Christianity’s alleged mistake, said Grillo, had been in claiming hubristically to provide humanity with definite answers to the mysteries of existence, which its priests proved ultimately unable to provide. Rather than relying on flawed individual humans making ex cathedra pronouncements like the pope did, mankind should instead crowd-source its philosophical answers by posing them to the entire world online: “we should not look for answers, but questions; the answers will come by themselves.”
This same basic strategy did not end too well for Five Star themselves, it must be said. Nonetheless, the idea explains the naming of Grillo’s Church: that answers to life’s mysteries always lie elsewhere, meaning the wise seeker of truth values only the journey in search of it, not the ultimate arrival at journey’s end, which will never in fact arrive. Thus, Grillo appears to have hit upon a contemporary electronic form of pop-Buddhism, not a new digital Christianity at all.
The Soul: A User’s Manual
Members receive two essential holy items: an 80-page Bible, or user’s manual, and a spiritual “driving license” (ironic, as Grillo himself was famously banned from taking up any actual public office due to an old manslaughter conviction for causing death whilst driving). In a reversal of the usual driving license points system, devotees first have to gain a minimum soul-points score by taking part in certain prescribed rituals, or exorcisms of the ego, such as The Breaking of the Mirror, a glass-shattering renouncement of personal vanity which must have been personally difficult for the habitual attention-seeker Grillo himself to perform.
Subsequent misbehavior will then result in sinners losing soul-points, and eventually their license may be withdrawn until they can make amends. Bizarrely, it seems an Altrovatar can perform an ego-exorcism upon a non-member without their specific permission, meaning anyone could potentially become an involuntary convert without even knowing.

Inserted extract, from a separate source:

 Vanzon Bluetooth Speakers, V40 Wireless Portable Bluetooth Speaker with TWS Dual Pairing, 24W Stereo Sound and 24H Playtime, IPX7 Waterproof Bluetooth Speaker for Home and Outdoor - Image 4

Another form of exorcism, ironic for an online cult, involves adherents being banned from using their phones for a week. Holding up his own smartphone onstage, Grillo explained, “This is a confessional, a rosary. Every ‘like’ is an ‘amen.’ The Church is Facebook. You confess to the world, reveal your entire self, and the world takes it and sells it.” Technology has replaced God, Grillo seems to say. His only viable solution is to use technology to create a new one.
Possibly, Beppe Grillo recognizes these contradictions perfectly well and is only performing satire of our unholy new digital age here after all. Live onstage, the stand-up Elevato also claimed the miraculous power to transform water into chinotto, or fizzy Italian orange juice, but “not into wine, everyone is capable of that.”
In our brave new era of online solipsism, it seems every man has now become his own little self-worshipping virtual godlet. Ecce homo indeed.